The Bombay Stock Exchange benchmark Sensex, which opened 88 points lower than Wednesday’s closing on expectations of weak GDP data, seemed headed for a steep plunge before recovering towards close to end the day just 94 points or 0.57% down.
The index touched an intra-day low of 226 points before closing out at 16,218.53 points on Wednesday. The 50-share Nifty of the NSE also ended down by 0.54% at 4,924 points.Opinion was however divided among traders whether the stock markets had taken the GDP data in its stride, or the partial recovery was due to traders covering up their short positions. Thursday was the last trading session of the month, and traders were obliged to buy back shares taht they had speculated would sink, but contrary to expectations, had risen.
“The markets have factored in the bad news, so in that sense the GDP numbers were not a surprise — there is a resignation to pessimism,” said CJ George, MD, Geojit BNP Paribas Financial Services.
He also ruled out any runaway rally on the markets, on the back of any expected positive policy news from the government. “There will be some positive reaction if the government were to announce any measure of policy reforms, but no irrational exuberance, which is impossible in today’s global environment,” he said.

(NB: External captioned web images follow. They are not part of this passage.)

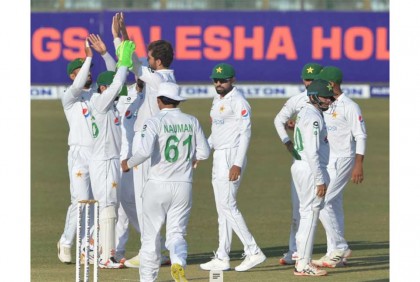 ১৫ রানেই ৩ উইকেট নেই বাংলাদেশের

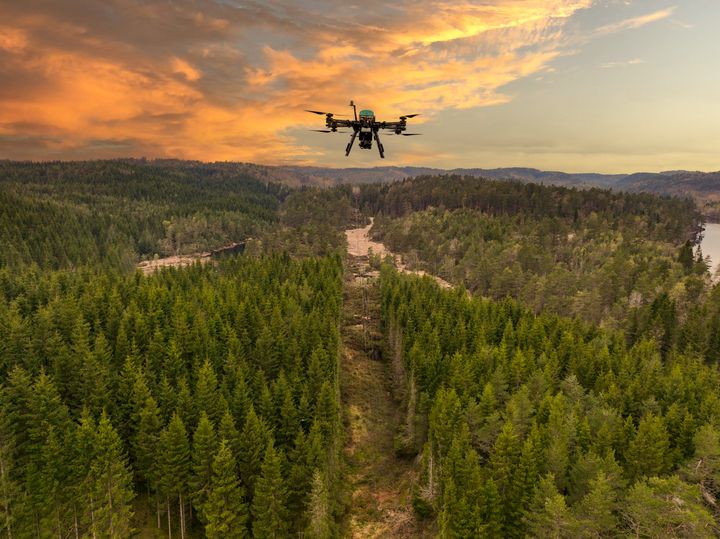 Glitre Nett sjekker hvert år linjenettet ved bruk av drone. Dette er en del av nettselskapets kontinuerlige arbeid for å sikre en pålitelig strømforsyning.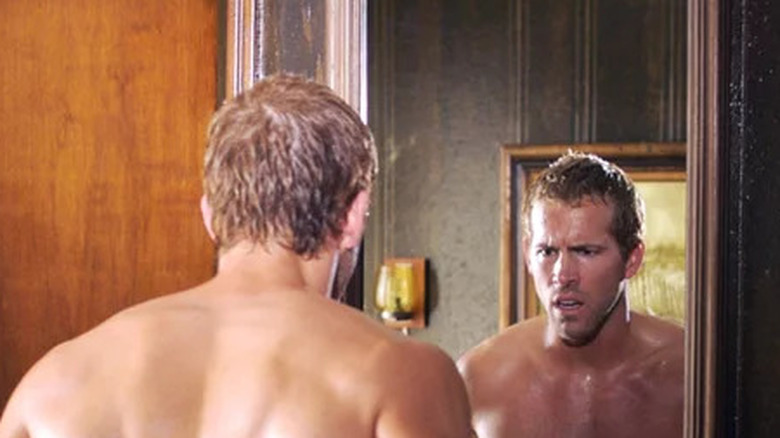 Ryan Reynolds in "The Nines"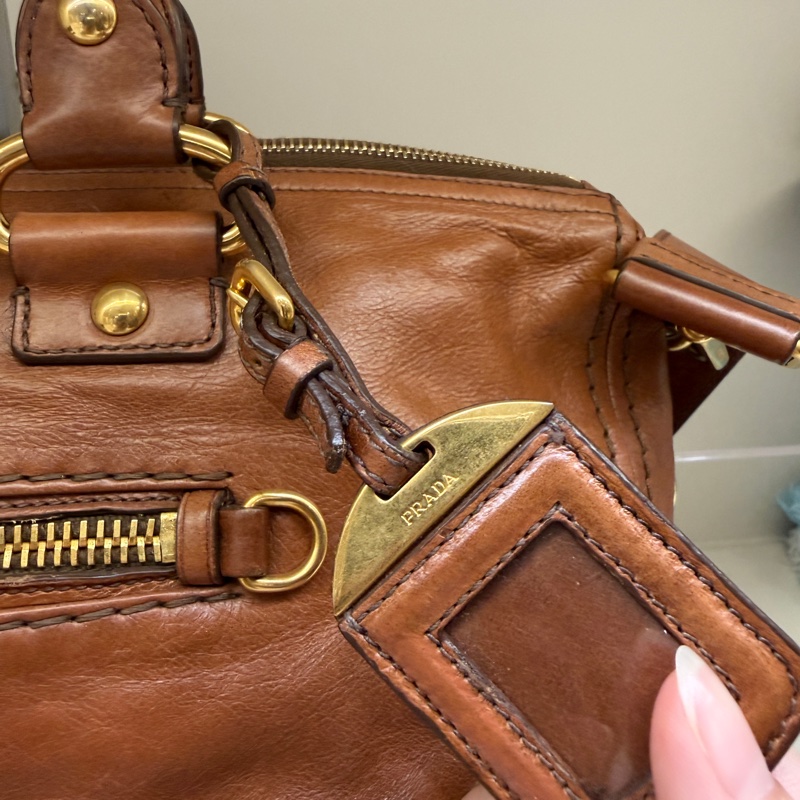 Prada 棕色公事包💼帶你賺大錢！💰💰來運轉-28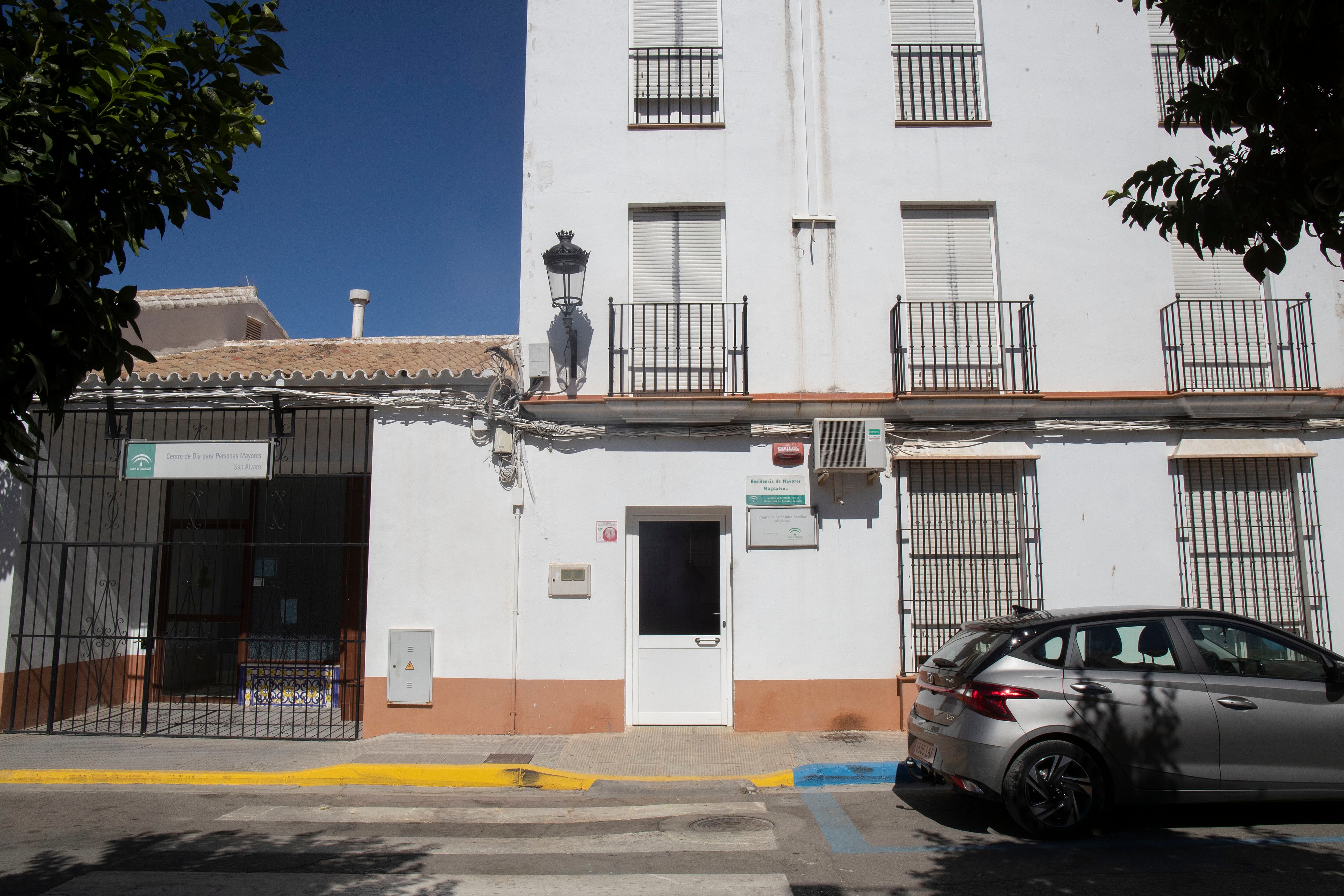 Fachada de la residencia &quot;La Magdalena&quot;, donde ayer un hombre de 75 años, que ha sido detenido, asestó una cuchillada mortal en el cuello a otro hombre de 66 años en Puerto Serrano (Cádiz).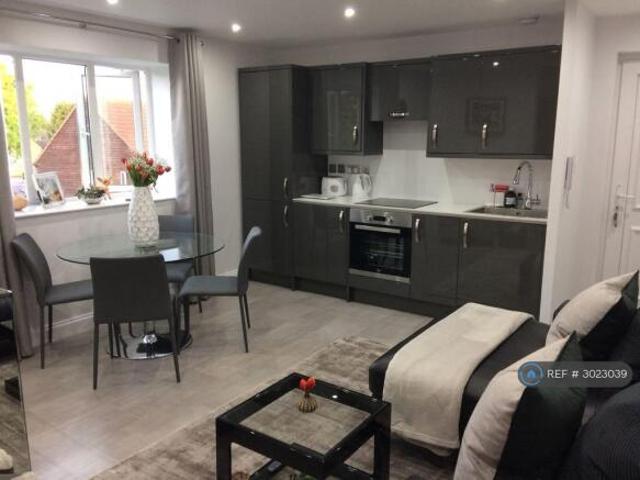 Flat for rent in Cat Hill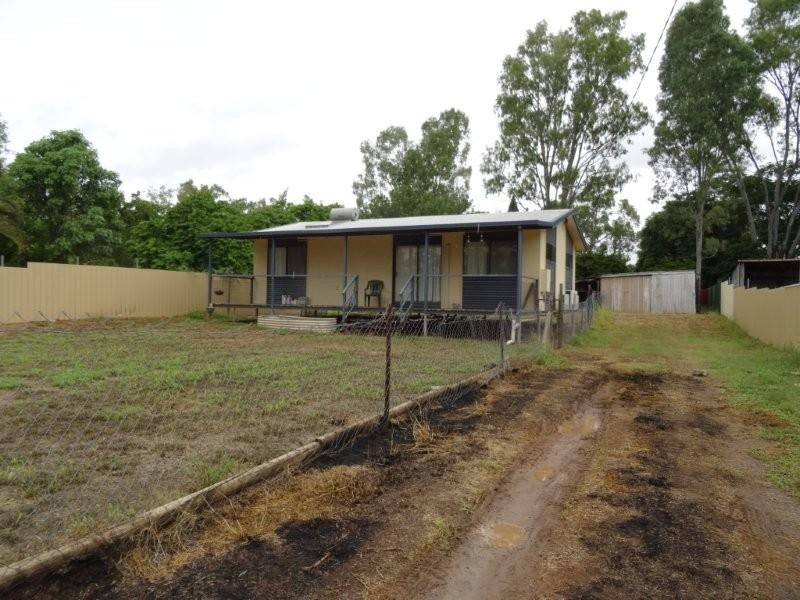 13 Campbell Street, Bluff QLD 4702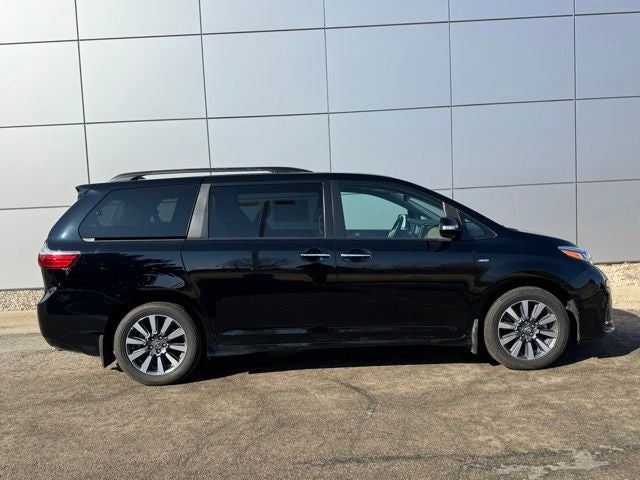 2018 Toyota Sienna Limited Premium 7 Passenger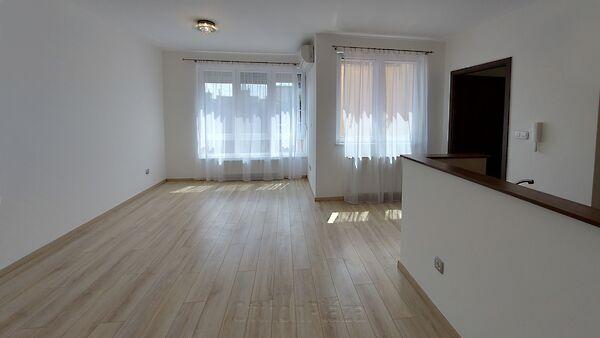 Szív, Budapest, VI. kerület 2. képe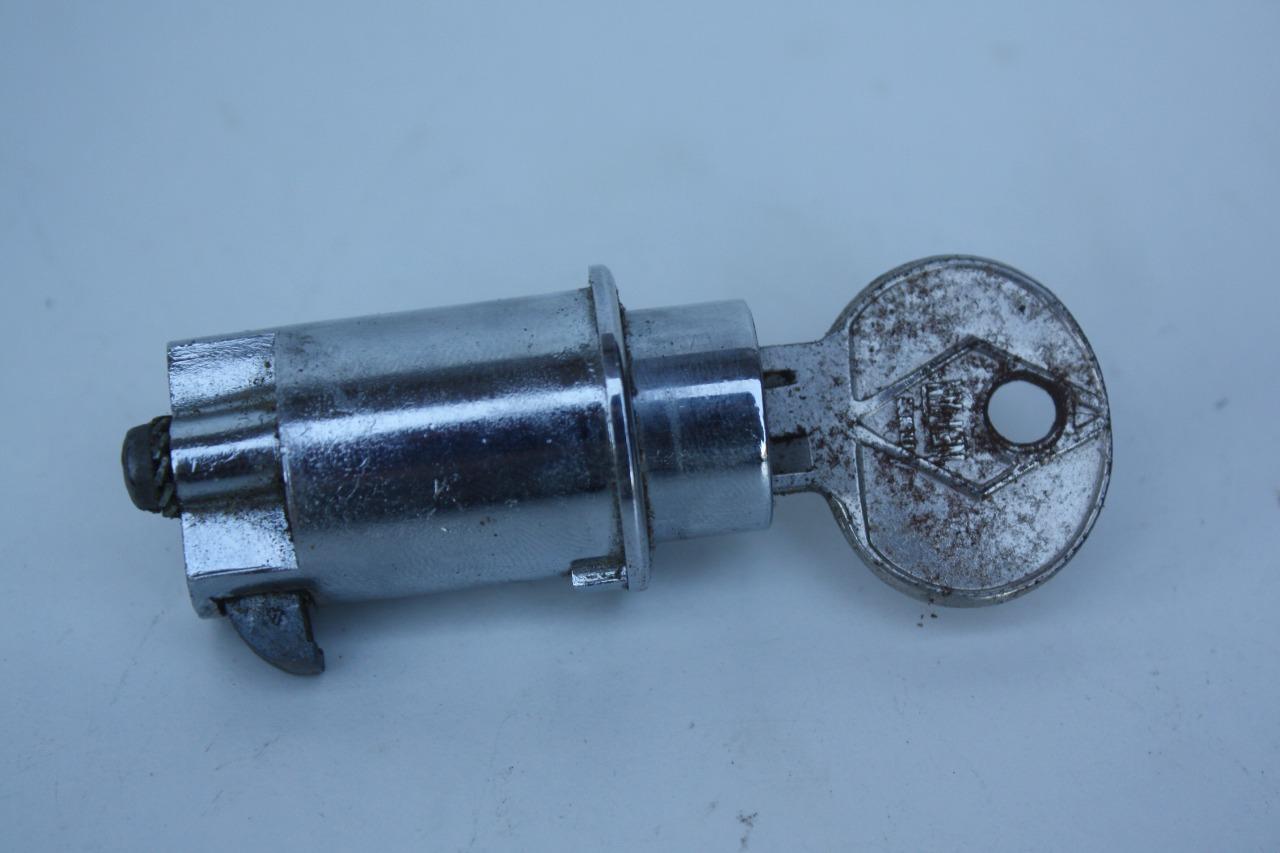 Serrure Antivol Neiman Boite à gants Renault 16 LesAnciennes.com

Caution is advised for retail investors as some analysts feel the actual impact of the GDP data will be seen in the markets on Friday.
“Thursday was the expiry of open short positions taken up by traders and they needed to cover up, so the recovery towards the close of trade was actually a buy-back of shares,” said Jagannadham Thunuguntla, strategist and head of research, SMC Global Securities. “The impact of the GDP numbers may be seen on Friday. Nobody expected a 5.3% (fall).